• Work instructions
Please write out every line of the material, leaving out any picture.

• Working data

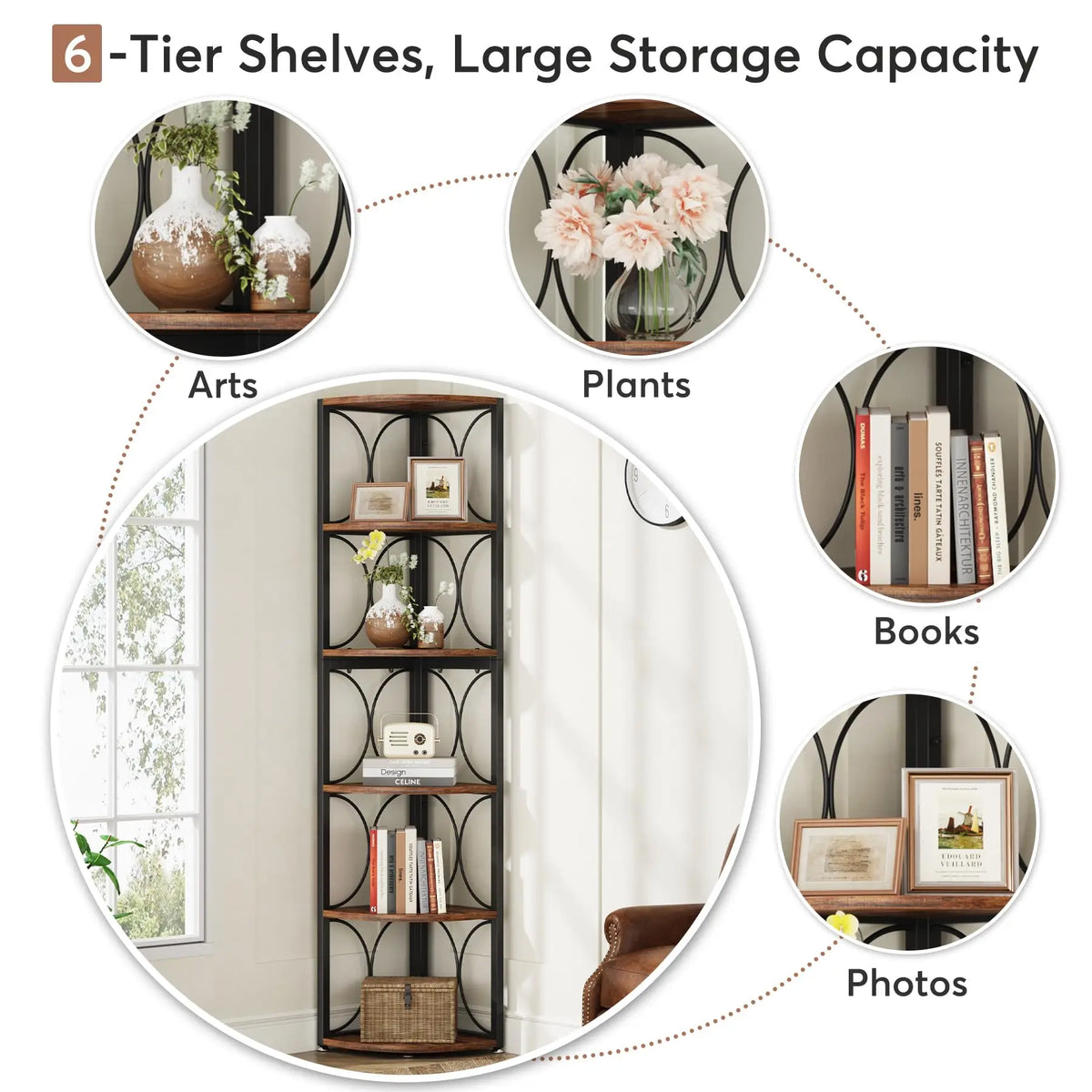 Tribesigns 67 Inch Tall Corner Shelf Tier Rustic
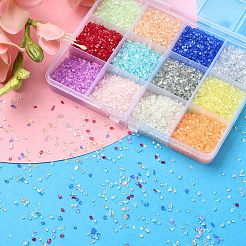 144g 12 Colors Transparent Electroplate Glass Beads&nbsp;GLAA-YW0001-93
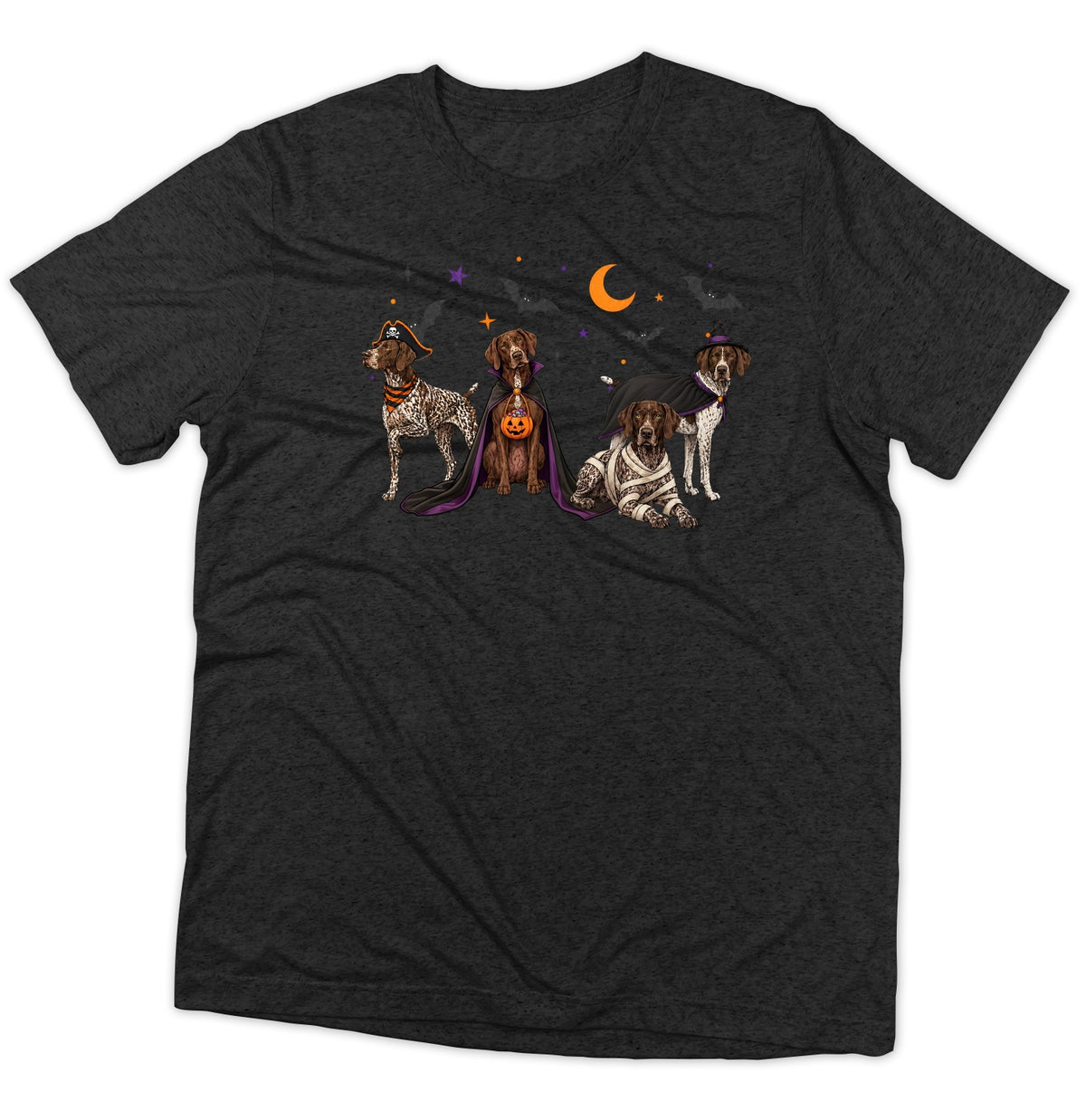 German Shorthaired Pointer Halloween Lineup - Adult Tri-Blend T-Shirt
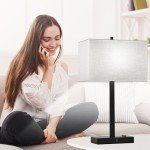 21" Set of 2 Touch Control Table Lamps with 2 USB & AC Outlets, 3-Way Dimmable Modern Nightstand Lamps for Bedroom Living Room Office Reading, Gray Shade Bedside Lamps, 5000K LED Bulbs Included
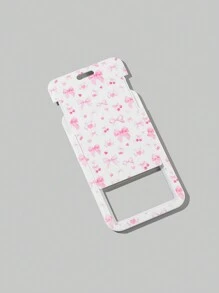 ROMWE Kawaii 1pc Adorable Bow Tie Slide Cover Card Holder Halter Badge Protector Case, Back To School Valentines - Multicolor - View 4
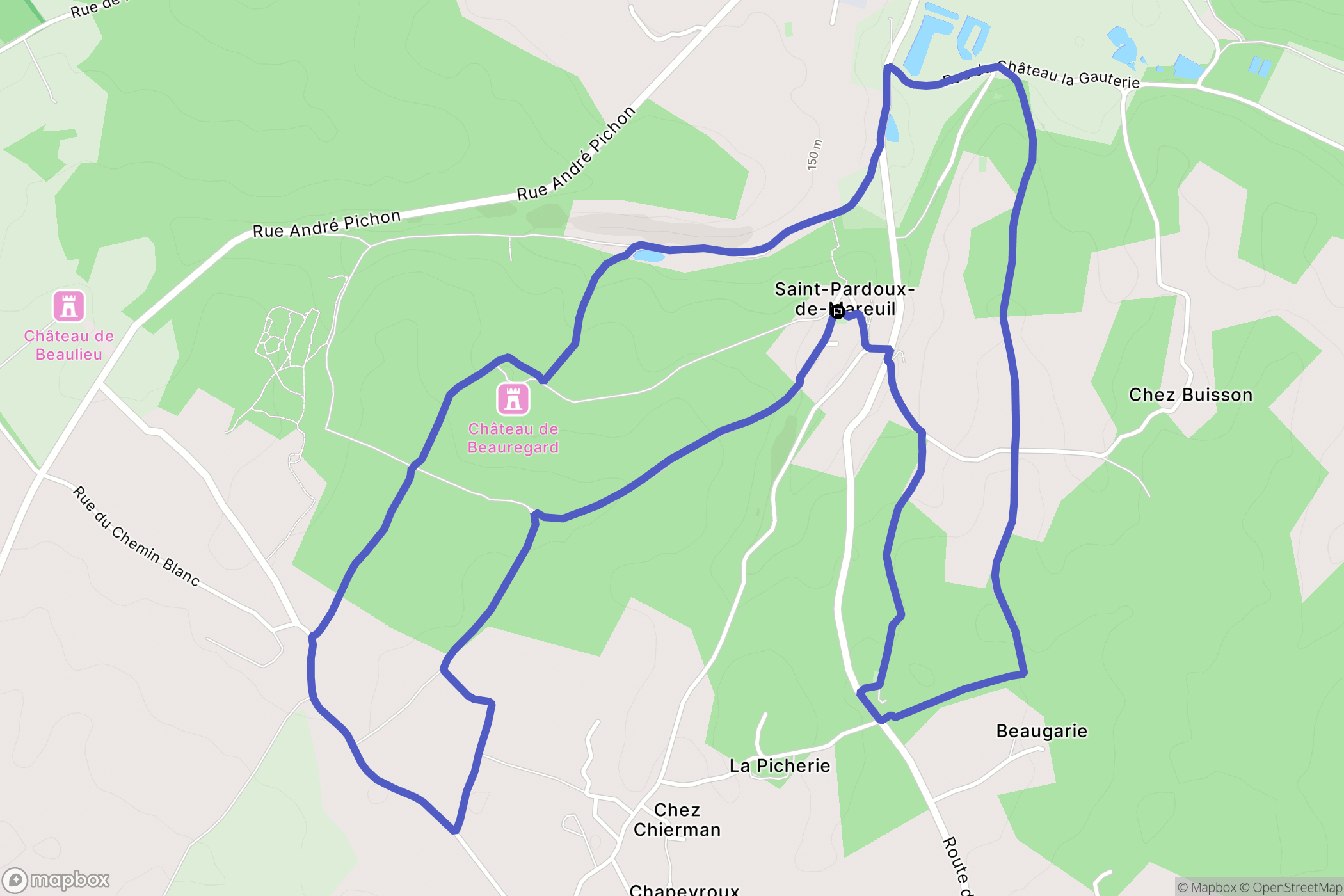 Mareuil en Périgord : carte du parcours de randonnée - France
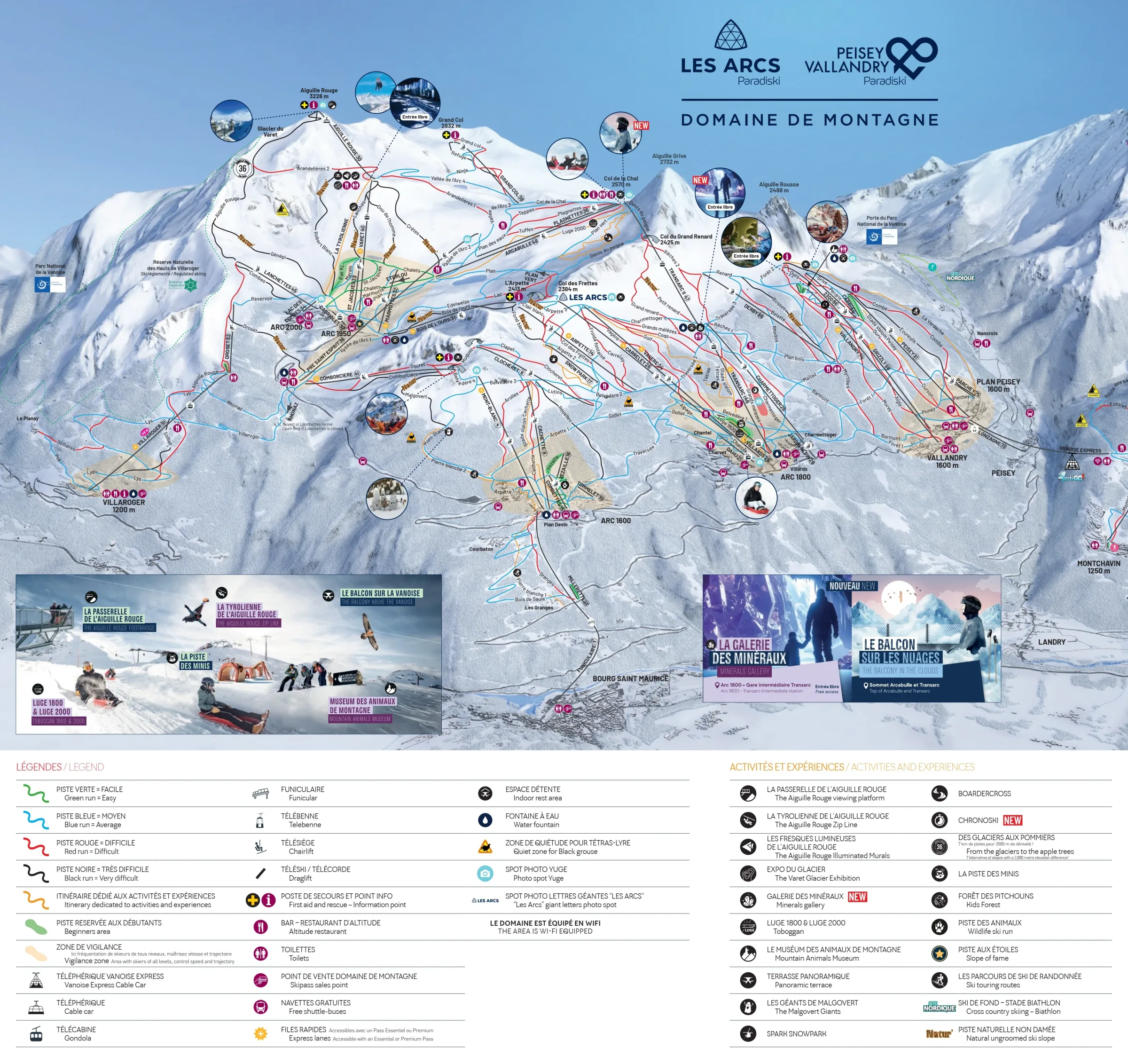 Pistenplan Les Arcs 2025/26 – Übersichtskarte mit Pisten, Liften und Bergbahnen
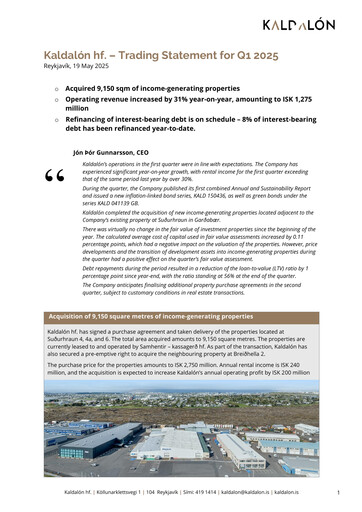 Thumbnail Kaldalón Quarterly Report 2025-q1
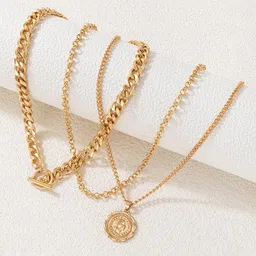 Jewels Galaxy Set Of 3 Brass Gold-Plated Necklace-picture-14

• Solution to this exercise
 Tribesigns 67 Inch Tall Corner Shelf Tier Rustic
 144g 12 Colors Transparent Electroplate Glass Beads&nbsp;GLAA-YW0001-93
 German Shorthaired Pointer Halloween Lineup - Adult Tri-Blend T-Shirt
 21" Set of 2 Touch Control Table Lamps with 2 USB & AC Outlets, 3-Way Dimmable Modern Nightstand Lamps for Bedroom Living Room Office Reading, Gray Shade Bedside Lamps, 5000K LED Bulbs Included
 ROMWE Kawaii 1pc Adorable Bow Tie Slide Cover Card Holder Halter Badge Protector Case, Back To School Valentines - Multicolor - View 4
 Mareuil en Périgord : carte du parcours de randonnée - France
 Pistenplan Les Arcs 2025/26 – Übersichtskarte mit Pisten, Liften und Bergbahnen
 Thumbnail Kaldalón Quarterly Report 2025-q1
 Jewels Galaxy Set Of 3 Brass Gold-Plated Necklace-picture-14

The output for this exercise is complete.